При дворе последнего царя. Воспоминания начальника дворцовой канцелярии. 1900-1916 - страница 2
Не следует забывать, что Николай не имел борцовских качеств. Он очень быстро схватывал главную мысль своего собеседника, понимал с полуслова недосказанное, оценивал все оттенки изложения. При этом он делал вид, что верит всему, что ему говорят. Он никогда не оспаривал того, что говорил собеседник. Он никогда не занимал определенной позиции и не пытался решительным образом сломить сопротивление министра, подчинить его своей воле и сохранить тем самым опытного человека. Не реагируя на доводы собеседника, он не мог вызвать у министра того энергичного протеста, который помог бы ему убедить царя в своей правоте.
Он никогда не высказывался прямо или резко, не выдвигал аргументов, никогда не выходил из себя и всегда разговаривал ровным тоном. Министр, довольный, уходил, думая, что ему удалось убедить царя, но он жестоко ошибался. То, что он принимал за слабость, было обыкновенной сдержанностью.
Он забывал, что у царя не было моральной смелости и он не мог принимать окончательного решения в присутствии заинтересованного лица. На следующий день министр получал письмо, где находилось уведомление о его отставке.
Я повторяю – спорить было противно самой природе царя. Мы не должны забывать, что от своего отца (которого он почитал и примеру которого старался следовать даже в мелочах) царь унаследовал неистребимую веру в судьбоносность своей власти. Его призвание исходило от Бога, и за свои действия он отвечал только перед своей совестью и Богом. В этом его активно поддерживала императрица.
Царь отвечал только перед своей совестью и руководствовался интуицией и инстинктом, то есть теми вещами, которые теперь называют подсознанием и о которых не имели не малейшего понятия в XVI веке, когда московские цари утверждали свое самодержавие. Он отвечал перед иррациональными элементами, которые порой даже противоречили разуму. Отвечал перед чем-то неосязаемым, перед своим все возрастающим мистицизмом.
Министры же строили свои действия на доводах рассудка. Их аргументы обращались к разуму. Они говорили о цифрах и статистике, о прецедентах, об оценках и прогнозах, основанных на взвешивании разных возможностей, они ссылались на отчеты чиновников, на примеры других стран и так далее. Царь не мог с ними спорить, да и не имел желания. Он предпочитал написать письмо, отправлявшее министра в отставку. Министр больше его не удовлетворял – никто не понимал почему.
В остальном же царь, как и многие русские, считал, что от судьбы не уйдешь.
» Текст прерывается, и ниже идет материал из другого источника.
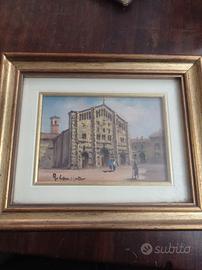 Quadro San Michele Pavia firmato Canepa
Что должно случиться, то и случится. Все придет к своему концу, ибо Провидение не дремлет.
Чувство долга государя
Иными словами, царь воспринимал свою роль как представителя Бога на земле с исключительной серьезностью. Это было особенно хорошо заметно, когда он рассматривал прошения о помиловании осужденных на смертную казнь. Право миловать приближало его к Всемогущему.
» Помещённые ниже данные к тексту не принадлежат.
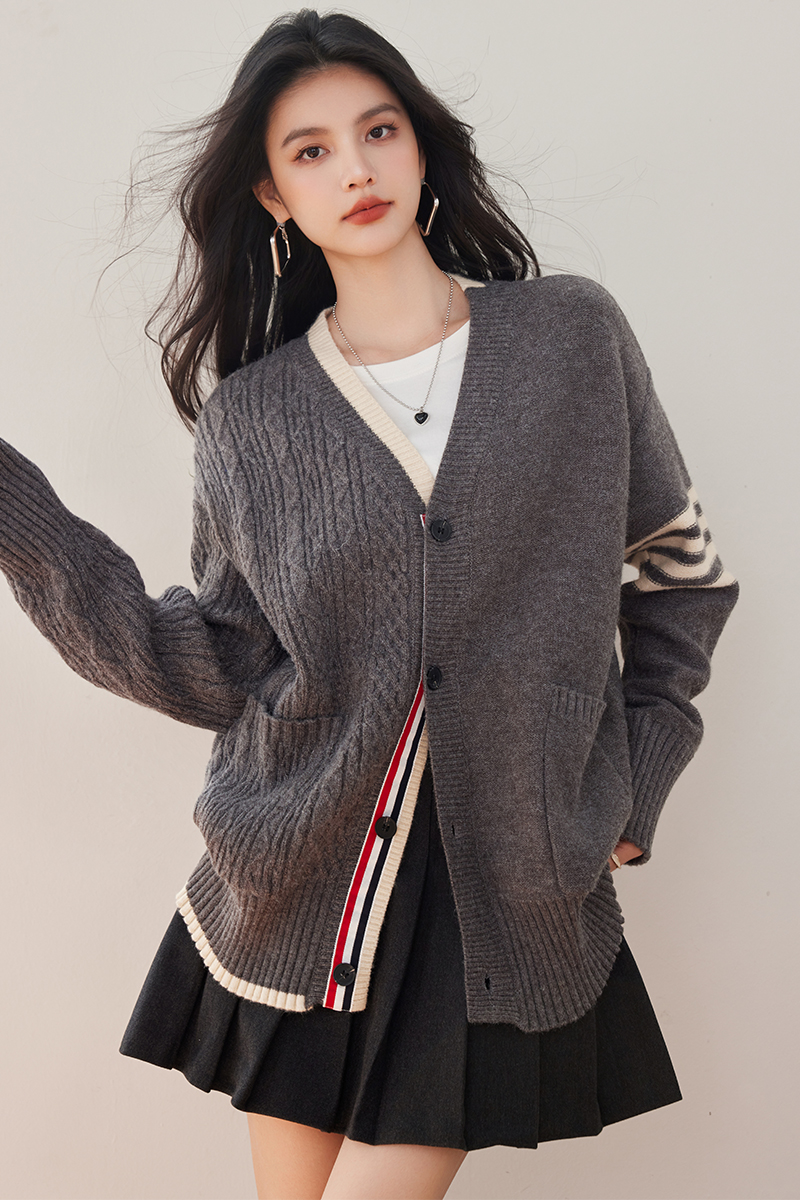 Lazy autumn and winter thick coat loose cardigan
Как только помилование бывало подписано, царь требовал, чтобы его немедленно отослали, чтобы оно не пришло слишком поздно. Помню случай, как однажды, во время нашей поездки на поезде, прошение пришло поздно ночью.
Я приказал слуге доложить обо мне. Царь был в своем купе и очень удивился, увидев меня в столь поздний час.
– Я осмелился потревожить ваше величество, – сказал я, – поскольку речь идет о человеческой жизни.
– Вы поступили совершенно правильно. Но как же мы получим подпись Фредерикса? (По закону ответная телеграмма царя могла быть отослана только в том случае, если на ней стоит подпись министра двора, а царь знал, что Фредерикс давно уже спит.)